Recovery Camp is available for nursing, psychology, exercise science, nutrition, and dietetic undergraduate students and more recently paramedicine and occupational therapy. “So many more applied discipline areas now need mental health skills. Paramedics report that every second job they attend is mental-health related,” says Professor Moxham. 

The camps are highly sought after; in the last camp 53 students applied for the 20 available places and camps are offered in Queensland, NSW and Victoria. 

“People ring us from Adelaide and say, ‘Can you do it here?’ We get contacted weekly by universities asking, ‘Can you do more?’ We don’t have the resources; we could go national if we got funding,” says Professor Moxham who considers cost benefit analysis alone on keeping people out of hospital warrants the camps being supported with government funding for nationwide rollout. 

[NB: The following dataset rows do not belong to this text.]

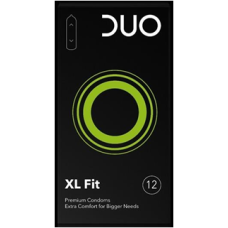 DUO Προφυλακτικά XL-Fit συσκευασία 12 τεμαχίων DUO Προφυλακτικά XL-Fit συσκευασία 12 τεμαχίων
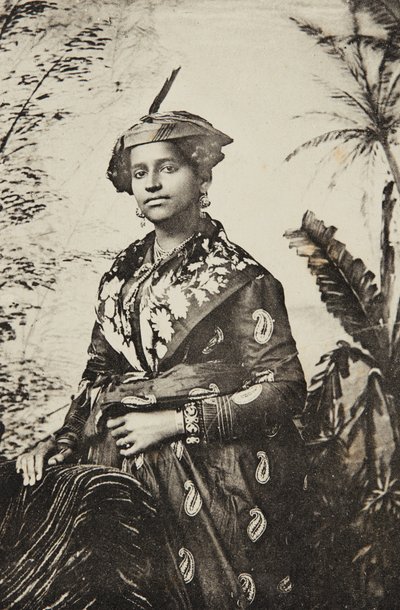 MARTINIQUE - Type og kreolsk kostyme, ca. 1920. av Louis Bauer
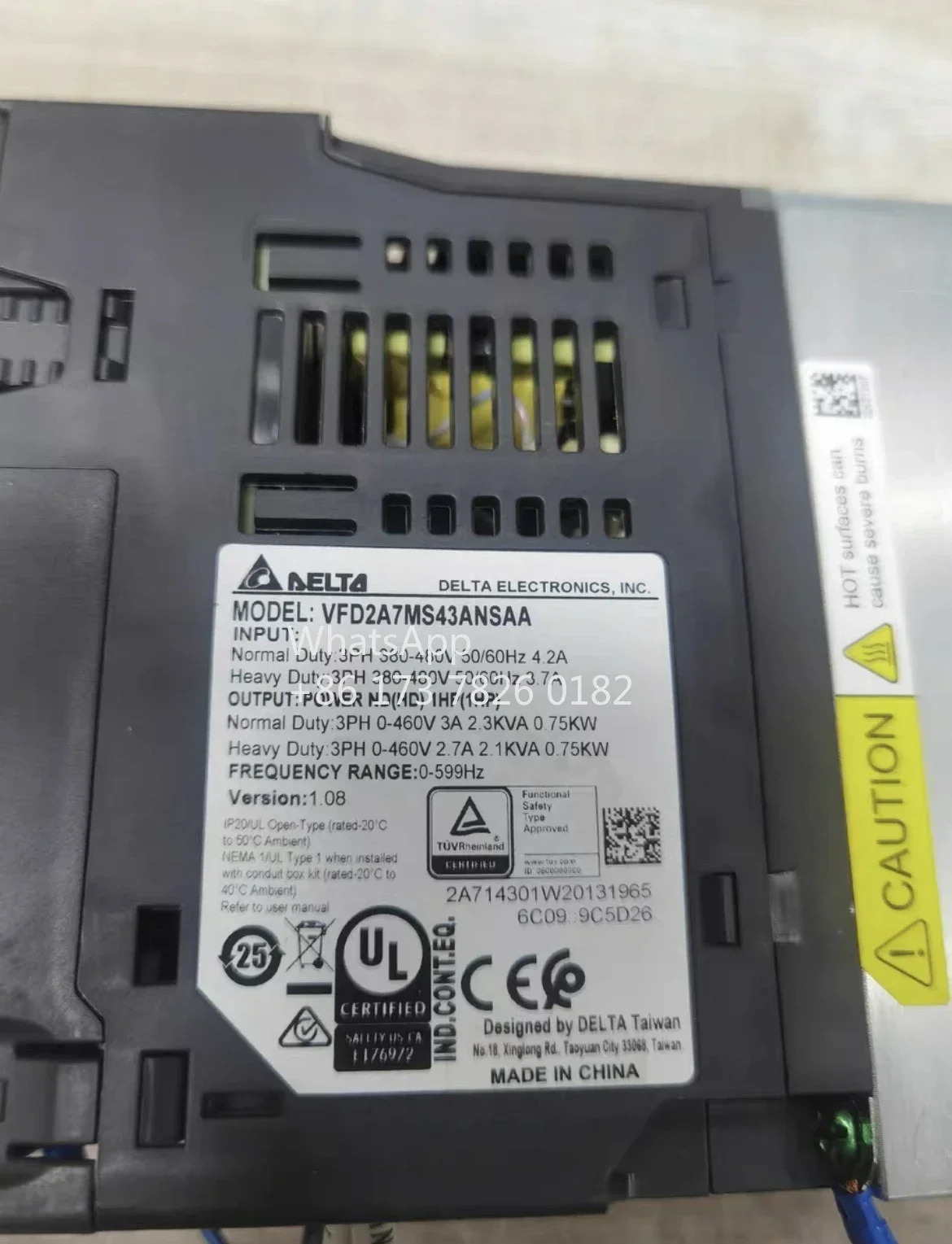 리퍼 MS300 인버터 VFD2A7MS43ANSAA OK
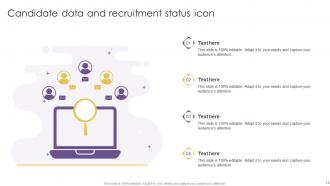 Recruitment Status Powerpoint Ppt Template Bundles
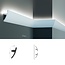 Grand Decor Polyurethaan - LED sierlijst voor indirecte verlichting, KF502 (75 x 36 mm), lengte 2 m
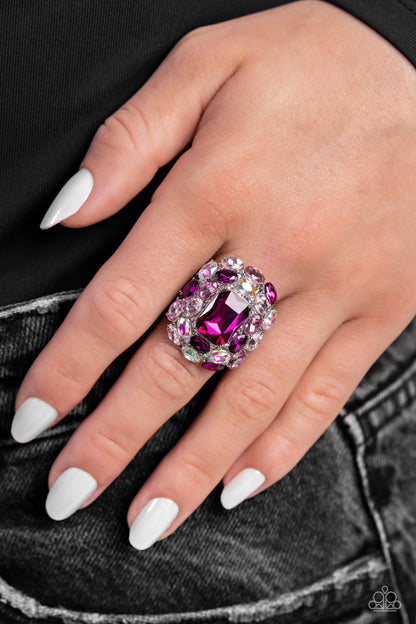 Perfectly Park Avenue - pink - Paparazzi ring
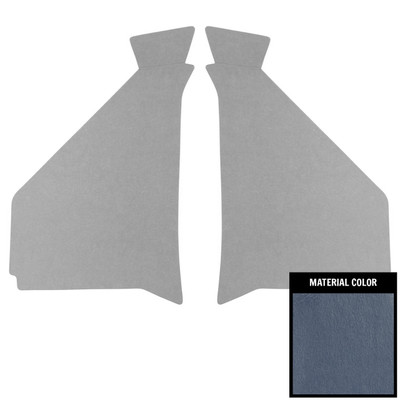 PUI Interiors 1957 Chevrolet Dark Blue Kick Panel - 57BK38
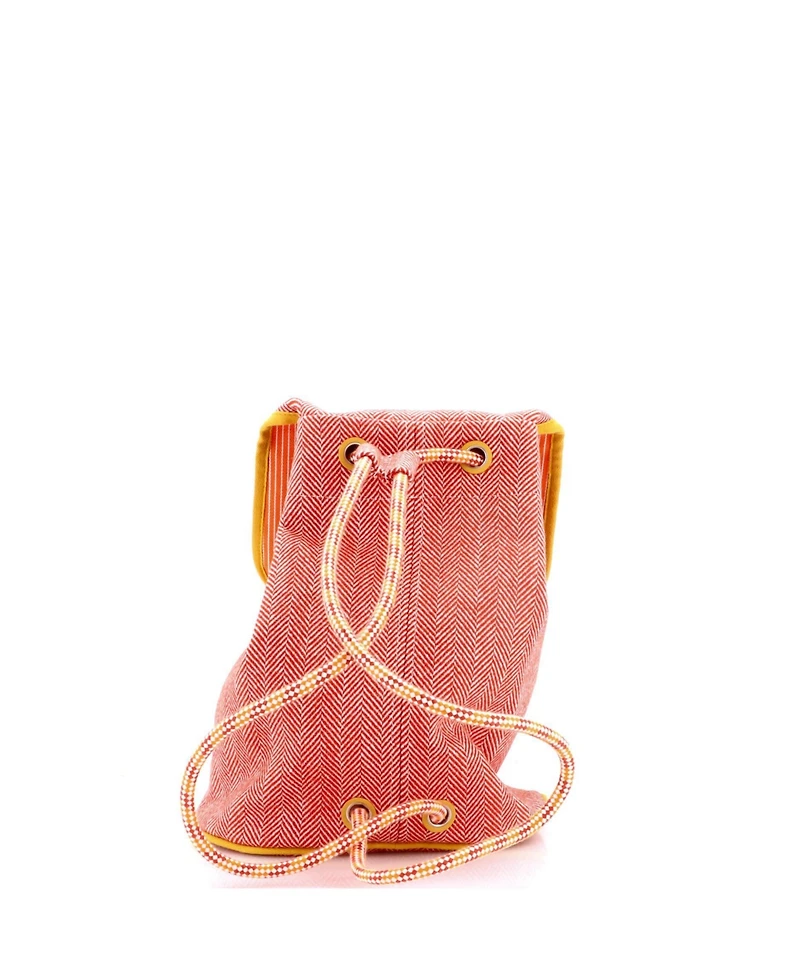 Pre-Owned Hermes Les Cabanes Backpack Embroidered Toile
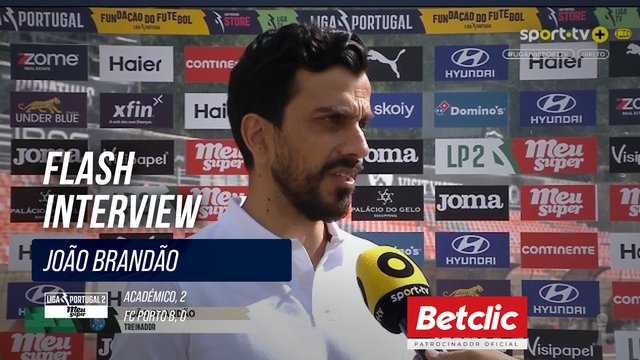 Flash Interview João Brandão (Porto B)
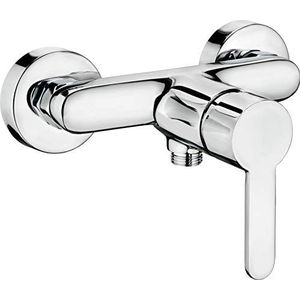 Cornat Douche-eengreepsmengkraan ""Gaia"" - hoogwaardig messing lichaam - verchroomd - 1/2 inch douche-afvoer/eengreepsmengkraan voor opbouwmontage/douche-armatuur/douchearmatuur / GA3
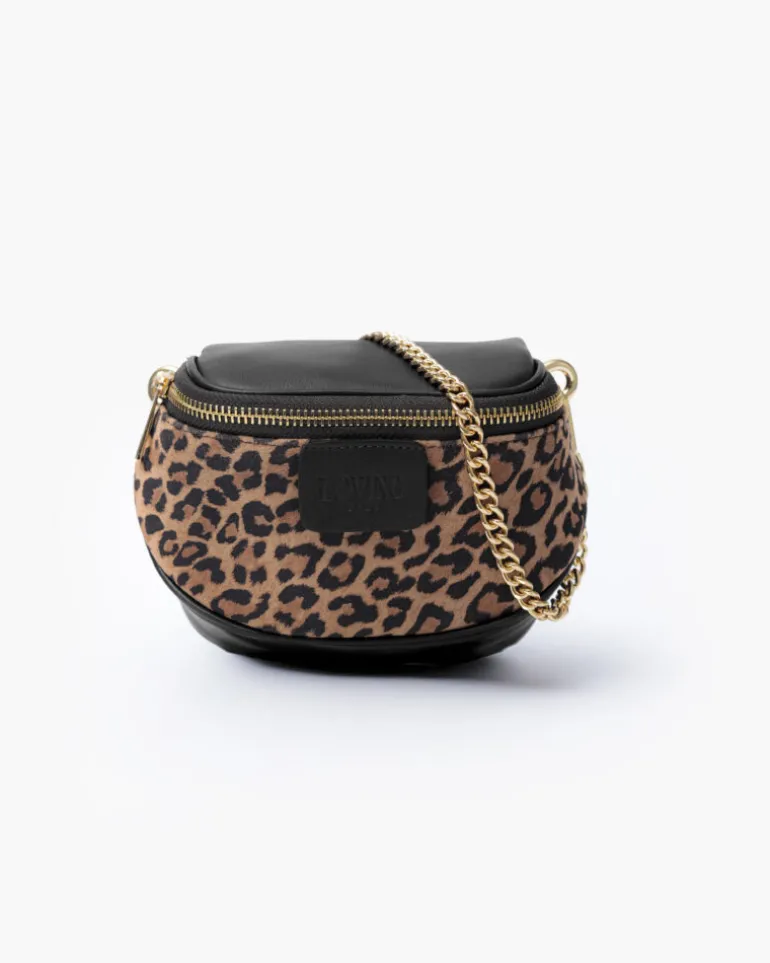Micro ISABELLA animalier in pelle NERA – LOVING BAGS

It is critical to increasing our mental health workforce in the future, she argues. “Students come out with an increased interest in wanting to pursue mental health as a profession.” 

“Our research has shown that those who do traditional mental health placements do not want to go into mental health nursing.” 

“What we know that it’s not happening in the US, it’s not happening in Taiwan. Australia’s leading the space. It’s the only intervention of its kind in Australia, but we also think in the world.’